In [1]:
from __future__ import print_function
from ipywidgets import interact, interactive, fixed, interact_manual
import ipywidgets as widgets

from IPython.display import display, Image

# Introduction to Shortest Path and Pathfinding
### Designed by Eric Ianni

### Pre-requisits
* Knowledge of how to use a Jupyter Notebook
* Knowledge of basic Python and the use of multi-dimensional arrays
* Knowledge of basic weighted graphs

### Let's Paint a Picture!

Imagine you are a playing a turn-based computer game where you have a limited number of movement points per turn. Your task is to start at the village inthe top left and make it to the chest in the castle as quickly as possible without moving diagnolly.

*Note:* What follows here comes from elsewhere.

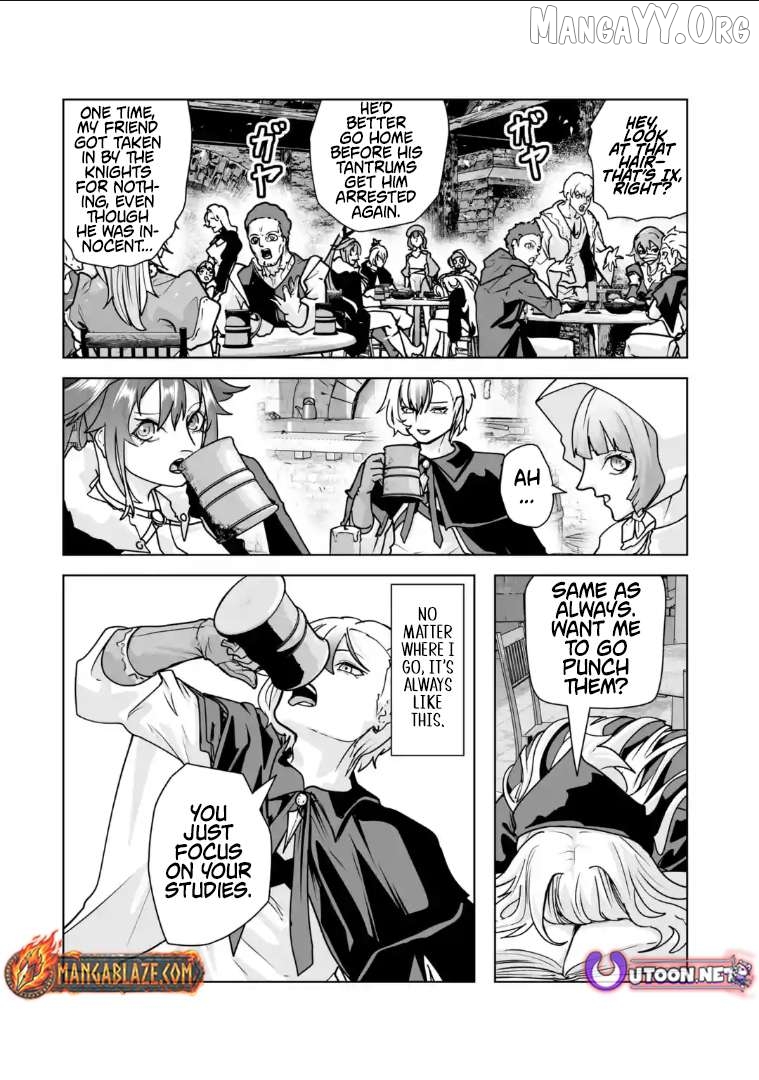Akuyaku Kizoku ga Hirakinaotte Hametsu Furagu o Jitsuryoku de Hataki Otteitara, Itsunomanika Hirointachi Kara Eiyūshi Sareru yō ni Natta ken Chapter 5 - page 10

![Castle image](./images/castle_map.png)

To you, as a human, it is very easy to see that the only clear path is around the North of the castle, back down the East and across the bridges in the South.  You are able to process the entire map at once and quickly identify dead ends.

To a computer this task isn't that easy. Computers are limited in how much of the "big picture" they can see and have to approach problems in single steps at a time. 

Now imagine you are told that it is possible to cross water tiles, but there is a movement penalty. All of a sudden the task isn't so easy as you have to consider if swimming the moat is faster than the long way. Still, you can probably figure out that crossing the one water tile to the South-West is probably the fastest route.

Now imagine it is possible to climb the castle walls, but with a stiff movement penalty. Can you still confidently say for sure you know the fastest path without sitting down and doing the math for multiple different routes?

In this latest scenario you find yourself approaching the problem how a computer  does!

### Welcome to Pathfinding!

In this module you will learn about how computers solve the _Shortest Path Problem_ by using different _Pathfinding_ algorithms. We will begin by examining real world problems that require a shortest path. Next, we will learn to frame those problems as graphs so we can apply different algorithms. Finally, we will examine these algorithms and how each approach the problem differently. 

### Learning Objectives

* Define the _Shortest Path Problem_ and give examples
* Describe _Depth First Search_ and _Breadth First Search_ while citing the differences and the required data structures
* Describe Dijkstra's algorithm and implement
* Describe the A* algorithm and implement

## What is Pathfinding?
The simplest definition of _pathfinding_ is finding a route (_path_) between points *A* and *B*. We do this all the time everyday of our lives. When driving to the store we have to pick which streets to follow to get there. Even the simple act of crossing a room is an act of selecting a route, even more so if you have children leaving toys on the ground!

While you or I use our eyes and intuition for many _pathfinding_ tasks, computers must rely on other approaches. Most computational _pathfinding_ makes heavy use of _graphy theory_. This involves defining the given situation as a _graph_: a series of nodes and edges. 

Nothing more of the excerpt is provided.